- Published on
Data Modeling
- Authors
- Name
- Mai TIEU Khoi
- @tieukhoimai

Table of Contents
Data Modeling
Data modeling is the process of creating a conceptual representation of data and its relationships, which helps us understand how data is stored, accessed, updated, and queried within the database. The output of that process is a formal description of the data that has been modeled, which is called a data model. A data model can be compared to a roadmap, an architect's blueprint, or any formal diagram that facilitates a deeper understanding of what is being designed IBM Data Modeling
- A conceptual data model consists of highly abstract levels of data elements called entities and relationships between entities. It presents a high-level overview of the database system through a visual representation of the entities it contains and their relationships to one another. The conceptual model provides the basis for the logical data model.
- A logical data model builds on the conceptual model by providing a more detailed overview of the entities in their respective relationships. It identifies the attributes of each entity, defines the primary keys, and specifies the foreign keys. The logical data model serves as an intermediary between the high-level conceptual model and the physical implementation. It describes how the data will be organized in the database and provides a blueprint for building the physical database.
- A physical data model is used to create the schema of the database, which is then implemented in the database management system. The physical data model defines the structure of the database, including the data types, constraints, and attributes. It specifies how the data will be stored in the specific database management system being used.
In conclusion, a conceptual data model is a high-level view of the database that is used to communicate with stakeholders about the requirements of the database.
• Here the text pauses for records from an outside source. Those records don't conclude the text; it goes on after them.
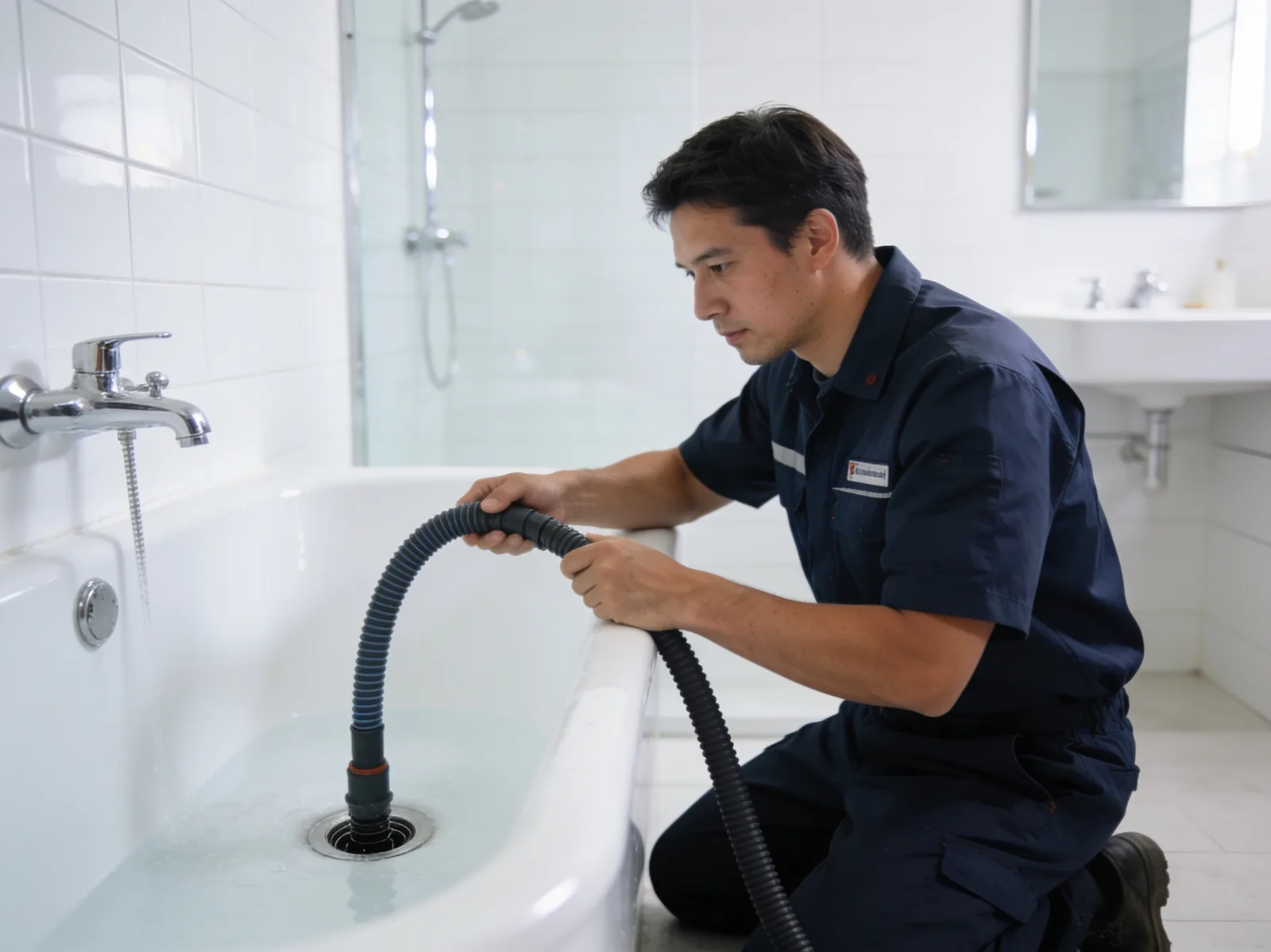 Emergency Plumber Hydes, MD FAQs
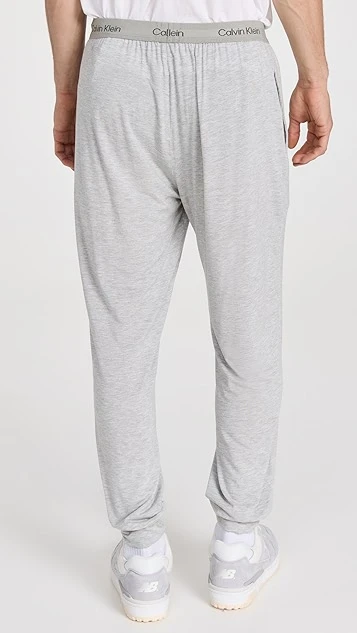 Calvin Klein Underwear Ultra Soft Modern Lounge Joggers 4 Calvin Klein Underwear Ultra Soft Modern Lounge Joggers - Image 2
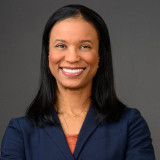 Photo of Natalie Hall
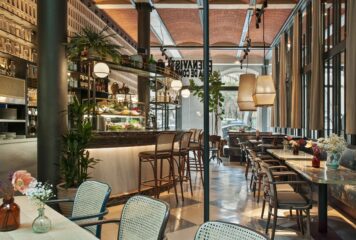 Casa de Comidas Buenavista: la tradición de la comida catalana renace en el centro de Barcelona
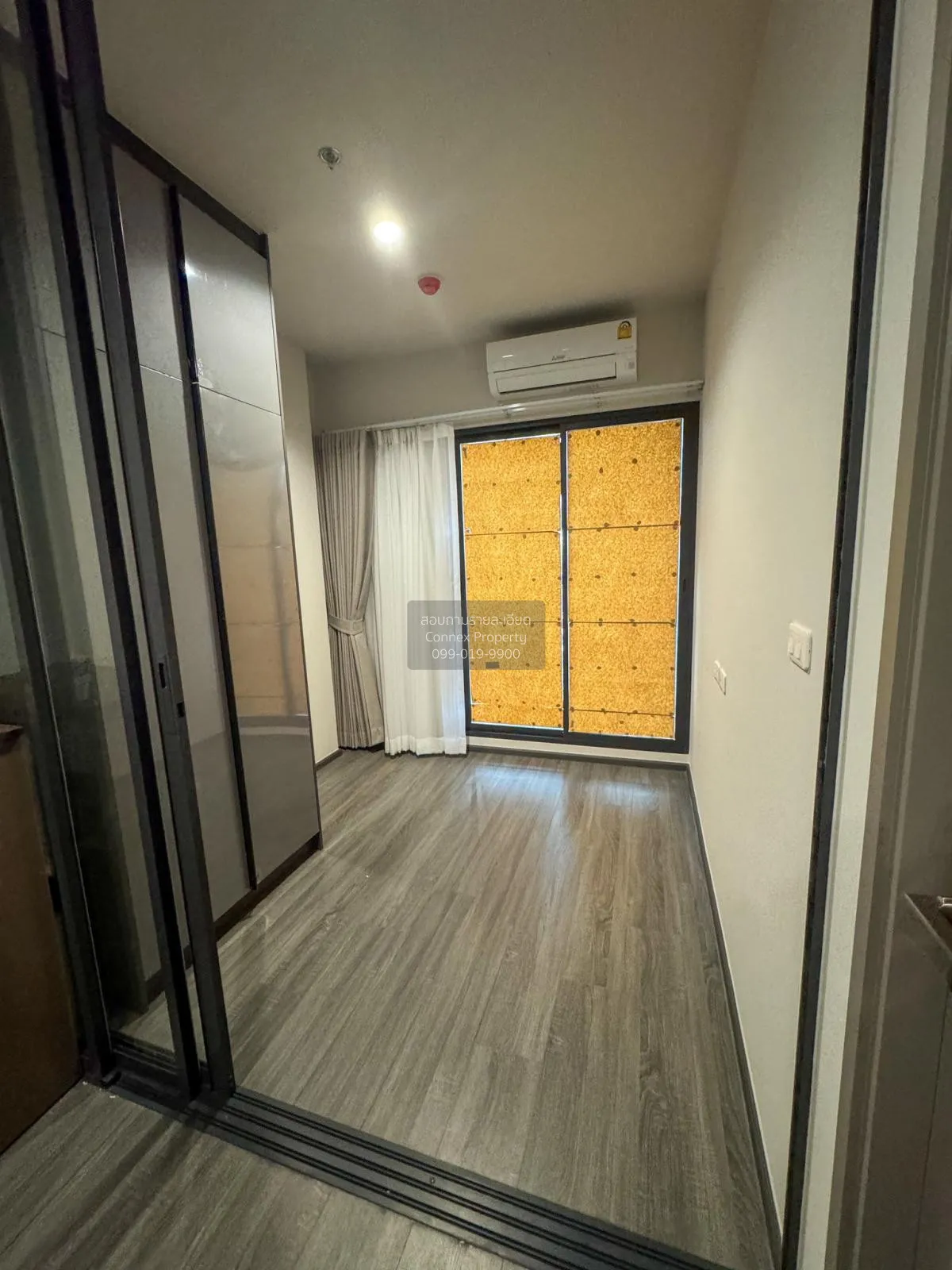 For Rent Condo , Ideo Sukhumvit - Rama4 , BTS-Phra Khanong , Phra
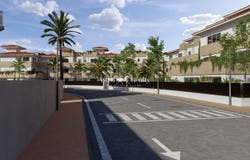 Golf Del Sur, Canary Islands 38639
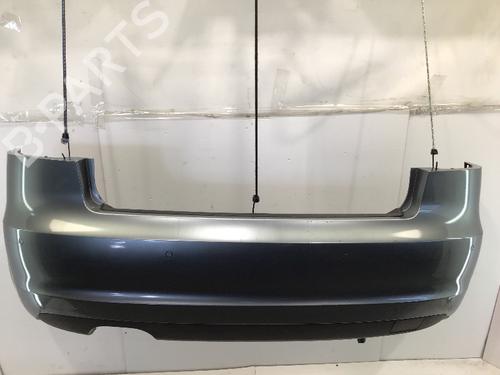 Used Rear bumper AUDI A3 (8P1) 1.4 TFSI (125 hp) 19328906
The conceptual data model can then be used to create a logical data model, which is a more detailed view of the database that includes the relationships between entities, and the constraints and rules that apply to the data. Finally, the logical data model can be used to create a physical data model, which is the actual database schema that is implemented in a database management system.
Data Warehouse Model (OLTP vs OLAP)
Understanding the difference between OLTP and OLAP models is crucial for effective data warehouse design.
CRITERIA | OLTP DATABASE | DATA WAREHOUSE |
---|---|---|
Purpose | Execute business process | Evaluate business process |
Transaction Type | Insert, update, delete, select | Select |
Transaction style | Predefined | Unpredictable |
Optimized for | Efficiency and consistency | Query performance/ease of use |
Update Frequency | Real Time – business event | Periodic – scheduled – near rt |
Update concurrency | High | Low |
Historical data access | Recent | Years of history |
Selection criteria | Precise, narrow | Fuzzy, broad |
Comparison | Infrequent | Frequent |
Query complexity | Low | High |
Joins | Few | Many |
Transaction per day | Millions | Thousands |
Data volumes | Tera | Peta |
Data | Raw – detailed data | Detailed and aggregated data |
Design technique | ER – 3rd Normal Form 3NF | Dimensional/other |
From Logical Data Model to Physical Data Model
The transition from a Logical Data Model (LDM) to a Physical Data Model (PDM) is a critical step in database implementation.
Physical Table Structure Should Include:
- Technical metadata (job_id, insert/update data, etc)
- Technical columns for managing the data quality
- Primary and/or secondary indexes of the table to improve performance
- Table partitioning functions
- Adding surrogate key to simplify join, improve performance, optimize space
References
- Lecture notes from Business Analytics course, Prof. Paolo Menna, University of Verona 2024-2025
- IBM. (n.d.). What is data modeling?